The dream collided unpleasantly with reality in two places. First was the problem that running a blog implies a commitment to continual writing that most people are never going to make, so when your first step is "set up a blog somewhere" people think you're asking them to make a huge commitment and run away. And second, FOAF was built on RDF; RDF makes my brain hurt just thinking about it, and I'm a professional nerd! (The refrain was always "it doesn't matter how complicated the format is, users will only interact with it via tools that make it simple." But every time I hear this about a format it reminds me of all the other formats I've heard that about in the past, all of which are deader than doornails now.)

Perhaps I'm stereotyping, but whenever I read a love letter to graph databases, it usually begins with taking MySQL as the limits of the relational world.

The real power of relational databases is:

* it's fantastic for many kinds of queries you didn't have in mind when you created the data model

* it's good enough for most use cases

* it's been around long enough that safety and correctness features like transactions, foreign keys, UNIQUE and NOT NOLL constraints etc. are well implemented and understood.

Any DB model that wants to challenge the ubiquity of RDBMS must address these points, and offer something on top. So far I haven't seen anything that would come close. Sure, there are lots of specialized use cases and specialized tools that are great in some areas (like geospatial data, graphs, time series, ...), but nothing that I'd use as a default choice for a project with vague requirements.

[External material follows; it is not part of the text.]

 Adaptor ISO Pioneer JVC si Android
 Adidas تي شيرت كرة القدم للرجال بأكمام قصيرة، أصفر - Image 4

I'm in love with Paul Ford's writing about technology. His What Is Code? cover story for Business Week was amazing: http://www.bloomberg.com/graphics/2015-paul-ford-what-is-cod... https://news.ycombinator.com/item?id=9698870

This is just a short piece, but I think it is so interesting to try to introduce non-technical readers to some of the knotty problems that everyone on HN takes for granted. And, the fact that the world's largest graph database (Facebook's) is built on top of a SQL database really is ironic, and it's great that he succeeds at explaining all the concepts well enough to get that across.

For dinosaurs like myself who still use an RSS reader (I'm a big fan of Inoreader), here is a full-text feed of his New Republic writing, made with Feedity and Five Filters: http://ftr.fivefilters.org/makefulltextfeed.php?url=https%3A...

I think the future "may" be the JCR Standard (Java Content Repository), or at least something build 'on top of' JCR. The only real contender IMO is Apache Jackrabbit Oak. In general what this article describes is a Content Repository, but a real world-wide semantic web has not yet been built with it. My little project meta64.com is a mobile front end for some of this kind of data processing/storage.

"There is as yet no absolute challenger to the relational model. When people think database, they still think SQL. But if there is a true challenger, it is in the graph model."

This article is quite biased towards graph databases with regards to the SQL versus NoSQL tension. This video presents a much more balanced view of SQL versus NoSQL, in my opinion. https://www.youtube.com/watch?v=qI_g07C_Q5I

This article doesnt address what is useful as we migrate into the cloud. First, the data may be larger than any disk image in the cloud. The data could be distributed across hundreds of disks in disparate geographical locations. Plus there may be hundreds of process or services reading and modifying the data. Certain NonSQL architectures seem to work better then.

A guy writing about "graph databases" without once mentioning IMS, hmm http://www-01.ibm.com/software/data/ims/

I woke up and find riak, hope they make search on by default but one could argue that perfection is not a thing.